Incapable de bouger, incapable de prendre la décision de quitter les lieux, j'ai avancé vers le centre de la pièce et je me suis laissée tomber sur le lit d'hôpital. Sous mon poids, le matelas a ressorti une partie de l'eau qu'il avait absorbée. Mon errance a continué. Les questions se sont heurtées dans ma tête à une vitesse folle, sans qu'aucune réponse valable ne sorte de cette bouillie de neurones. La tête renversée sur le côté, la main pendant sur un côté du lit, les phalanges jouant avec les aspérités de la rouille du sol, j'ai cru voir se dessiner, entre deux pesantes nappes de brouillard, une silhouette humaine. Une femme qui montait les escaliers que j'avais empruntés avec James et qui nous avaient amenés au terme de son voyage. Progressivement, j'ai eu l'impression que l'atmosphère se réchauffait. Un voile de chaleur est passé sur mon visage et il a cessé de pleuvoir. Je me suis laissée aller à la contemplation de cette jeune femme insignifiante, qui paraissait au comble du désespoir. Alors brusquement, tandis qu'elle s'avançait vers moi, autour d'elle les murs se sont embrasés. J'ai été arrachée à mon observation par la violence du phénomène. Les rares poutres du toit déjà étaient mordues par de larges flammes rouges. J'ai voulu bondir hors de ce lit, courir, m'enfuir, m'arracher à ce cauchemar qui revenait m'enserrer les poumons comme dans un étau, mais j'ai été incapable de bouger. Déjà des éclats orangés dansaient sur les murs tout autour de moi. Le feu dessinait des formes improbables sur le sol. Le métal rouillé qui le constituait se criblait de perforations à une vitesse impossible et se gondolait sous l'effet des flammes.

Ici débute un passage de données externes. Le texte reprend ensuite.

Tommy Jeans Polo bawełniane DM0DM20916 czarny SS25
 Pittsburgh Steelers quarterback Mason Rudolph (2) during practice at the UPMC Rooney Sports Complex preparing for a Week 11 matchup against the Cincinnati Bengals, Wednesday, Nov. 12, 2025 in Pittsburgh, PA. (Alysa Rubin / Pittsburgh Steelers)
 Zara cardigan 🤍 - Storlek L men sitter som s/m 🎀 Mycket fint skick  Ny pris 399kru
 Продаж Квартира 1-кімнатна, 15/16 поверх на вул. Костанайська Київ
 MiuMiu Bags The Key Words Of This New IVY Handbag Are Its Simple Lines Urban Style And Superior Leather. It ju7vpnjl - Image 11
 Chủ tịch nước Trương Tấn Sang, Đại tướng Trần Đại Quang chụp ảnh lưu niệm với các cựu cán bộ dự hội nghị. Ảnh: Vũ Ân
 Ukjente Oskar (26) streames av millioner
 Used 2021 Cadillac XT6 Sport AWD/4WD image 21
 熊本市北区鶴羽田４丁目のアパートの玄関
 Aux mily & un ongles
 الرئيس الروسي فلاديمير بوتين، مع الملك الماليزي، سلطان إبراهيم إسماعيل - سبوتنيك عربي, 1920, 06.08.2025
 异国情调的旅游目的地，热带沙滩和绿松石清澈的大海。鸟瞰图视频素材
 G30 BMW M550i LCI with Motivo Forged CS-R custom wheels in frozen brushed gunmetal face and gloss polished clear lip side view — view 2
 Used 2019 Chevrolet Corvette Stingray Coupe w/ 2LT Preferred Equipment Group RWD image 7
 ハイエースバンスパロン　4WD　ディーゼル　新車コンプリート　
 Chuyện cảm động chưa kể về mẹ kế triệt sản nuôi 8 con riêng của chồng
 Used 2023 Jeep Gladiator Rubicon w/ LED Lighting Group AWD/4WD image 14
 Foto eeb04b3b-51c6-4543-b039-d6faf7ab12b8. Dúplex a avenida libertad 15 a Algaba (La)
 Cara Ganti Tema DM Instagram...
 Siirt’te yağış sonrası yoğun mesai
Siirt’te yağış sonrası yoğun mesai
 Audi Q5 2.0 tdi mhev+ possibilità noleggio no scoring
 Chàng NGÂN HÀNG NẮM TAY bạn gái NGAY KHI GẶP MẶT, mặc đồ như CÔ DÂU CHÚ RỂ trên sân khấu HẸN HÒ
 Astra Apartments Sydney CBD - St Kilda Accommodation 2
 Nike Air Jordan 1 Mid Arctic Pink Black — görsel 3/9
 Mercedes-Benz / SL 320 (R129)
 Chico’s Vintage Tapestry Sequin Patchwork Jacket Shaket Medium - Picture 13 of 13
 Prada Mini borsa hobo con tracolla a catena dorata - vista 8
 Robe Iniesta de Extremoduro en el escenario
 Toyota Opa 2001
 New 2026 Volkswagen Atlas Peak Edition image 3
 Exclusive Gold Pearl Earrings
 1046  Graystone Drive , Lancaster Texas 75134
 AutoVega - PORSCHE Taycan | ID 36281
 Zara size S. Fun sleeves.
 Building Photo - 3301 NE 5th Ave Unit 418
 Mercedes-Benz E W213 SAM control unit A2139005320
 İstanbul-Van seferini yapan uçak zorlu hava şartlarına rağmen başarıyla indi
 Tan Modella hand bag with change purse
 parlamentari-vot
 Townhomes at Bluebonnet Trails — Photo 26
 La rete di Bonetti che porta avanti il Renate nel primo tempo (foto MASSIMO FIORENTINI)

Les mâchoires de feu sont venues lécher les pieds métalliques du lit puis dévorer les quatre coins du matelas où j'avais trouvé un peu de repos. Le métal du cadre m'a semblé fondre instantanément. Voyant ma fin toute proche et n'envisageant aucune échappatoire, je me suis abandonnée à la rédemption. Peut-être que le temps de toutes les réponses venait d'arriver. Ces flammes, c'était mon enfer. Mon purgatoire, c'était de souffrir avec James. Quand j'ai senti la première morsure du feu sur mon corps, je me suis demandé ce que ma vie avait bien pu être. Tout à coup je me suis souvenue. Tout m'est revenu en pleine figure, alors que je recevais le coup fatal, qui me faisait passer dans l'envers du monde sensible. Je me suis rappelée toutes les attentions qu'il avait eues pour moi pendant mes derniers jours. Tout cet amour, et même cette fin inavouable à propos de laquelle j'étais bien incapable de prononcer un jugement à l'encontre de James. Je me suis laissé tomber sur le dos et j'ai regardé juste quelques secondes les dessins que faisaient les flammes en rongeant les poutres pourries du plafond. Dans le brasier environnant, le corps de James a disparu. J'ai cru le voir pendant une brève seconde, penché au-dessus de moi. J'ai souri quand la première flamme a effleuré mon visage. Mary Shepherd-Sunderland reverrait bientôt James. Les erreurs de chacun d'entre nous seraient bientôt pardonnées. Et l'éternité ouvrirait un gouffre ardent dans nos deux corps, et dans ce gouffre nous ne formerions alors plus qu'un être souffreteux, mais heureux d'être un seul.